The show was performed in front of a live studio audience, with students from various academic departments at Youngstown State University being the main voices of the show. 

“Good Humor Radio Hour” is directed by Randall Brammer, adjunct theatre faculty at YSU, and he said although the cast may be smaller, the show still has a unique quality.

“It’s a smaller cast [than in past years] but has big production value,” Brammer said. 

“The Ghost Who Came to Dinner,” “The Dark” and “Ghost Hunt,” the three featured stories in the show, were once broadcast on popular radio dramas. 

“Ghost Hunt” was featured on Suspense, a CBS Radio show, that began in 1940 and aired for over 20 years.

Good Humor Radio Hour performed its Halloween-themed radio show in front of a live audience Oct. 29 and 30. Photo by Shawn Williams/The Jambar

The concept for “Good Humor Radio Hour” was created by Fred Owens, a communications professor, along with Brammer.

Gary Rhamy, owner of Peppermint Productions, was the master of ceremonies, and the performances were recorded for broadcast on WYSU, YSU’s public radio station.

The last story of the night was a sound effect drama with different voice actors pulled from the stories, along with a pianist and foley artists. 

Brammer said he enjoys how directing a radio drama allows him to focus on different creative aspects of directing.

“There’s a lot of aspects that are removed that give me the time and energy to focus on the things that I really like,” Brammer said. “So I’m not worried about costumes or lighting, so that gives me time and energy to really listen to the acting, the music, the sound effects.”

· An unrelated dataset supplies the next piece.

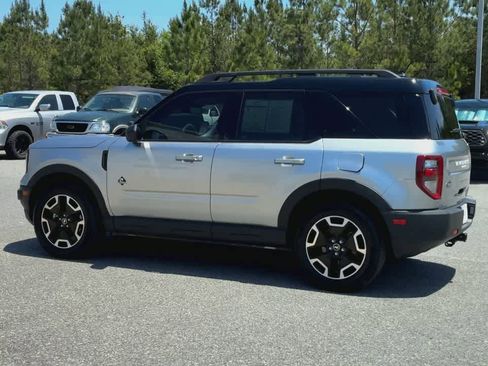 Used 2023 Ford Bronco Sport Outer Banks w/ Tech Package AWD/4WD image 6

According to Brammer, there’s a slightly different directing style that often involves less control.

“I look at us as a band,” Brammer said. “There are certain moments where there are certain things I want, but I trust [the cast and musicians]. You figure out how to communicate, and once you figure out the best language, it makes things easier.”

Jay Lilley, sophomore telecommunication studies major, said he became interested in the production aspect and wanted the show to be visually interesting as well as entertaining for radio.

“As an actor, you want to perform for the [live] audience, as well as the radio audience,” Lilley said. “They’ll see our reactions to things, so it’s a little of a live performance and a radio performance.”

Katie Gennaro, junior telecommunication studies major, said she participated in theater during her high school years, and “Good Humor” lets her continue a time-consuming hobby.

Good Humor Radio Hour performed its Halloween-themed radio show in front of a live audience Oct. 29 and 30. Photo by Shawn Williams/The Jambar

“If you’re someone who enjoys theater and voice acting, but you don’t have the time or commitment for it, you can definitely audition,” Gennaro said. “It’s a lot of fun.”

Other opportunities are available for students participating in the “Good Humor Radio Hour,” such as advertising, sound effects and music.

There will be an additional radio show in the spring semester.